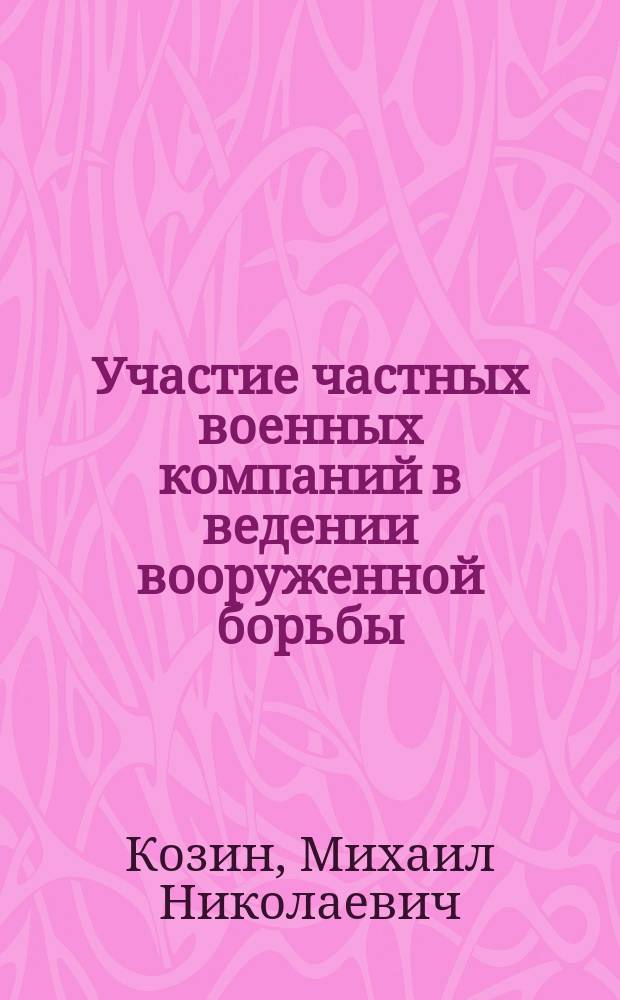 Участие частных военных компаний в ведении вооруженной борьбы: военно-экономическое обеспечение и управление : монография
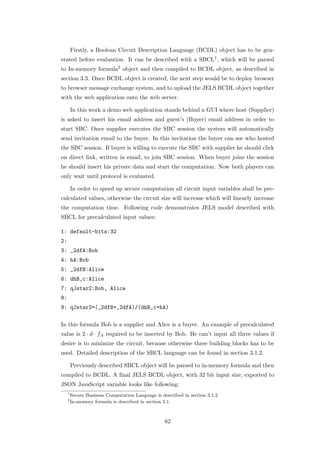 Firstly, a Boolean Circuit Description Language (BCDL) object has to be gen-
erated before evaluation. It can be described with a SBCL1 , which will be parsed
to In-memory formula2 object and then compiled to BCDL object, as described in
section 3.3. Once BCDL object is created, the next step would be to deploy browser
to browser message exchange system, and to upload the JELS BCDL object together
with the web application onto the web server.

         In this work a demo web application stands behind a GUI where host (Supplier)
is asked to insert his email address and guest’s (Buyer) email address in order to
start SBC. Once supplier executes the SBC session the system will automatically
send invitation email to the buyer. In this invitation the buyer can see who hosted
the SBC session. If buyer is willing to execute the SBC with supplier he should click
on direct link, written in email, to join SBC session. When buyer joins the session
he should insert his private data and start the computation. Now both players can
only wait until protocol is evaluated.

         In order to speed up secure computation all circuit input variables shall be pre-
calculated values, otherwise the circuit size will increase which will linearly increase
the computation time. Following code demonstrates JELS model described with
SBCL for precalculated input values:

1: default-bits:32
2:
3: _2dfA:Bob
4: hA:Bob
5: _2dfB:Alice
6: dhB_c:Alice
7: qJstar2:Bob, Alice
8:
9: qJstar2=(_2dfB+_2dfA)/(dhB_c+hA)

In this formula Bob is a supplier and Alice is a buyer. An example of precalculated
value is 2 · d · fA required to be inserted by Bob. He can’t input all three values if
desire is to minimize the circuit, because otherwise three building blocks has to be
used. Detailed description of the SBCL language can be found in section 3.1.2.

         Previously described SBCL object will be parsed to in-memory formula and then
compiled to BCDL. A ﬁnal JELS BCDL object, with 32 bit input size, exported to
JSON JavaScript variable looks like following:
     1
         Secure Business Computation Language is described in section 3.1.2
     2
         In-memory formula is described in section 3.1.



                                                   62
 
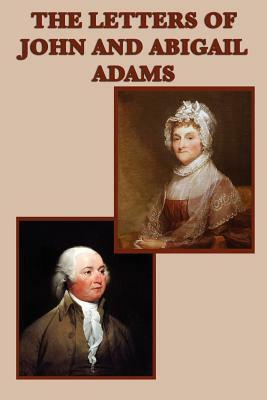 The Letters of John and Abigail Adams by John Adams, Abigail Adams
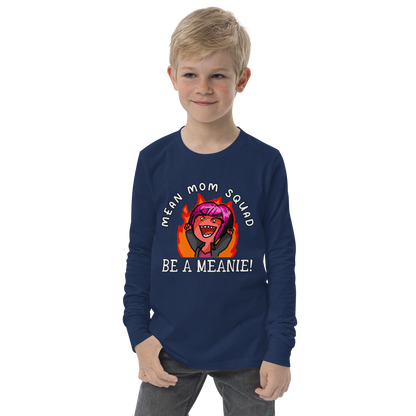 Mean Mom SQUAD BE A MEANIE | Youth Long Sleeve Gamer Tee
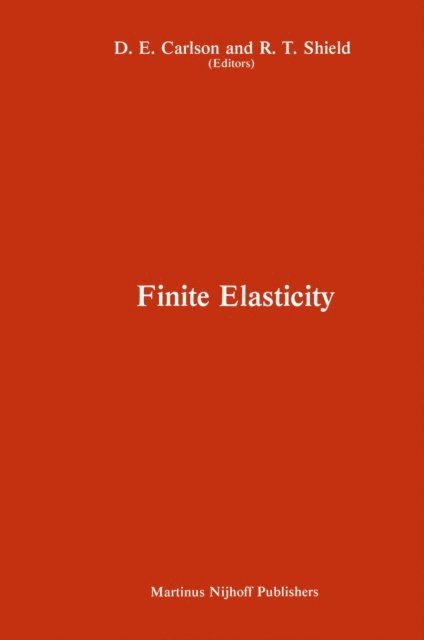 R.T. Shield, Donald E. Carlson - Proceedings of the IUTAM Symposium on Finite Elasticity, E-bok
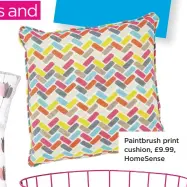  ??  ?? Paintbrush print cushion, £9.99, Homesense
##########
(PROBLEM TO SOLVE)
Print only the lines from the one with "R.T. Shield, Donald" through the last line of the data above, exactly and with both ends, and please omit any pictures.

(WRITTEN SOLUTION)
 R.T. Shield, Donald E. Carlson - Proceedings of the IUTAM Symposium on Finite Elasticity, E-bok
  ??  ?? Paintbrush print cushion, £9.99, Homesense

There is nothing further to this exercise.